The decision



Upper Tribunal
(Immigration and Asylum Chamber) Appeal Number: AA/08853/2013
AA/08854/2013


THE IMMIGRATION ACTS


Heard at Bradford
Determination Promulgated
On 8 April 2014
On 10 April 2014




Before


UPPER TRIBUNAL JUDGE D E TAYLOR


Between


HANIEH SADAT MIRI
AMIR RASKHADIVMASOULEH

Appellant
And


SECRETARY 0F STATE FOR THE HOME DEPARTMENT

Respondent

Representation:

For the Appellant: Mr Gayle, Elder Rahimi solicitors.
For the Respondent: Mr M Diwncyz, HOPO

DECISION AND DIRECTIONS

1. These are the Appellants' appeals against the decision of First-tier Tribunal Judge Hemingway made following a hearing at Bradford on the 21 October 2013, dismissing their appeals against the Respondent's decision to refuse to grant them asylum.

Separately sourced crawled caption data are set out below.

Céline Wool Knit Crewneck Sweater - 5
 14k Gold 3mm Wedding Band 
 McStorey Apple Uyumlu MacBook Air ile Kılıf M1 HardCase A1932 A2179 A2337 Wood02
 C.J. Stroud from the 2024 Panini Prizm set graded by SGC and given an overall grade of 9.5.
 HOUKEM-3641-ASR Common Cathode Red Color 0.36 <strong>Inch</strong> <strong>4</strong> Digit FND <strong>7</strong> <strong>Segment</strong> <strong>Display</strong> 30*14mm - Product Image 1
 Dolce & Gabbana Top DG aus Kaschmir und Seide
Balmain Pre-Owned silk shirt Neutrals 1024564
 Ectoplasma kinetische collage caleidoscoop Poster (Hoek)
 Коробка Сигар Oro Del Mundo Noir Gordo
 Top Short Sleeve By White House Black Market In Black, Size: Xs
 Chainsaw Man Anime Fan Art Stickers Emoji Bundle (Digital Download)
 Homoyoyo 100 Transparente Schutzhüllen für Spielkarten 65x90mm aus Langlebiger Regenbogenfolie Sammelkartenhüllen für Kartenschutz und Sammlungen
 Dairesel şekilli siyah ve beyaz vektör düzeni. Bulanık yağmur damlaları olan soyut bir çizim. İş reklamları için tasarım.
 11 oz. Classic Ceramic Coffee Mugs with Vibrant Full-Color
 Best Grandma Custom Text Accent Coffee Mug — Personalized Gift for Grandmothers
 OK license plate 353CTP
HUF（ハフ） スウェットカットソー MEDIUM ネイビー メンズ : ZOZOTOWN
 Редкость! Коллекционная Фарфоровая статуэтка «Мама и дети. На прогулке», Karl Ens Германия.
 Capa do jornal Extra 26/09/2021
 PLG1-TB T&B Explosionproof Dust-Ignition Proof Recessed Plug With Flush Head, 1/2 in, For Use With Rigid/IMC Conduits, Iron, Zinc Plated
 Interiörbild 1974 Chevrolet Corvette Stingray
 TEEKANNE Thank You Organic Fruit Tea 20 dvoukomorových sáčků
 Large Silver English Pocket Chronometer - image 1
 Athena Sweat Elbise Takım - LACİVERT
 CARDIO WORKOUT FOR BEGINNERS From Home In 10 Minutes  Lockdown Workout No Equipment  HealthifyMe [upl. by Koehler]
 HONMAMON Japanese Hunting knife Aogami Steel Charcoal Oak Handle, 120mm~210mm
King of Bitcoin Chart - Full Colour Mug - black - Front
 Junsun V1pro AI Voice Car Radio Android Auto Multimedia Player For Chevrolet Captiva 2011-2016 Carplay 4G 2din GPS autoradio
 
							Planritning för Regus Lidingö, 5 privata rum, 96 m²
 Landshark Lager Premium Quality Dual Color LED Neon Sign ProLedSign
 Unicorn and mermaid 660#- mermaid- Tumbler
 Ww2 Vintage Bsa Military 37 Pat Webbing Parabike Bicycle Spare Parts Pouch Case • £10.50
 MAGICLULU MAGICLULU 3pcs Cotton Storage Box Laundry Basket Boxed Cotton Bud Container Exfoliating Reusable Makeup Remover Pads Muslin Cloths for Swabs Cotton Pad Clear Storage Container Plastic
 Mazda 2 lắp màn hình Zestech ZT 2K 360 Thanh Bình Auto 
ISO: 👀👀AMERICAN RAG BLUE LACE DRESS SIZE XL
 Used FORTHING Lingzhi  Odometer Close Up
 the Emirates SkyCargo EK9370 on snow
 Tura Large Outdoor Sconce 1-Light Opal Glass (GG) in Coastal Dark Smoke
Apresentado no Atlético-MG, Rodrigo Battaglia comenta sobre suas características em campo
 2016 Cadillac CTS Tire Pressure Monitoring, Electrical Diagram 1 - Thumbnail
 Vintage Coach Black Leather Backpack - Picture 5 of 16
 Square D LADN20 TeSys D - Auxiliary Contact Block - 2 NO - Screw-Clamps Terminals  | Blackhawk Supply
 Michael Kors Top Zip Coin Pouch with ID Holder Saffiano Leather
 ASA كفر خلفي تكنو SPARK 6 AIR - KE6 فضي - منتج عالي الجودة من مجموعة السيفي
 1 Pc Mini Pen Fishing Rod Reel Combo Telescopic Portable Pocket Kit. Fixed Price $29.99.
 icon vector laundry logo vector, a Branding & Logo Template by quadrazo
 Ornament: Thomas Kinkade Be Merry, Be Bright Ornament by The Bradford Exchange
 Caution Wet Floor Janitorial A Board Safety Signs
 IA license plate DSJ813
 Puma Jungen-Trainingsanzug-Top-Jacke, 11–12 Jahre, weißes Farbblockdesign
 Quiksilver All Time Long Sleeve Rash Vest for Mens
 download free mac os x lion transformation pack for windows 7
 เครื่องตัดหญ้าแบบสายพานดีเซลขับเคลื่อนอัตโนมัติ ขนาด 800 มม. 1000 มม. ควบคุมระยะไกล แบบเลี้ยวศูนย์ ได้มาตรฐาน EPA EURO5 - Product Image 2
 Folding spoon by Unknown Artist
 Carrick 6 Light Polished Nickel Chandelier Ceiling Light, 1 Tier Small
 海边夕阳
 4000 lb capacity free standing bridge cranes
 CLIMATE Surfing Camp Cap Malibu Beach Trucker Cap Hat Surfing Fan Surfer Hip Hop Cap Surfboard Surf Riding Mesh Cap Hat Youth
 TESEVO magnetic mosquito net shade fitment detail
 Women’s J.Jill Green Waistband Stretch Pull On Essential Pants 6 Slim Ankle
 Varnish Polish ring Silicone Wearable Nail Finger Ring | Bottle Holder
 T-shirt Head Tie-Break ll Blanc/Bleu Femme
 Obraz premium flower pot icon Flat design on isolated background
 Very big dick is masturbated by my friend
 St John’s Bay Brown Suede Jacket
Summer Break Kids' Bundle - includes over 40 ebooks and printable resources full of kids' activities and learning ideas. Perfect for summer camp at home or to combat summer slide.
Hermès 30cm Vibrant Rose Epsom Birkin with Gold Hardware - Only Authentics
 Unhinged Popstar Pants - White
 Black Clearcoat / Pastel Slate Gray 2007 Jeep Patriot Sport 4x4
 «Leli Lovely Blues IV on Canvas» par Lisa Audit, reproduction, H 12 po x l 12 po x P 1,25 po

2. The first appellant's claim is based upon a raid of her father's house when her computer was taken, which contained incriminating material, her conversion to Christianity, and on the basis of being at risk on return to Iran because of the deteriorating situation there since the case of SB Iran CG [2009] UKAIT 53.

3. The first appellant's sister was granted asylum in the UK apparently on the basis of the same raid, following interview.

4. The judge made adverse credibility findings against the first appellant, substantially because there was a lack of supporting evidence from the family, in particular the sister who is in the UK.

5. Mr Gayle argues with merit that the judge erred because he failed to take into account the documentary evidence from the mother, in the form of an email in the appellant's bundle, and because he made an unsustainable finding that the raid did not occur.

6. Mr Diwncyz defended the determination, which is characteristically thorough and generally well reasoned, and I agree that the challenges to the judge's findings in respect of the conversion to Christianity, and the SB point, have not been made out. However, the combination of the lack of consideration of important evidence from the mother (especially since the judge's primary reason for disbelieving the appellant was the lack of family support), and the finding that the raid did not occur, when it has been accepted that it did as the basis for the sister's grant of asylum, persuade me that this decision must be remade.

7. The decision is set aside. The appropriate course is remittal to the first-tier tribunal. The case should be listed at Bradford before a judge other than Mr Hemingway, whose findings on the conversion to Christianity will of course be the starting point for the next judge's considerations.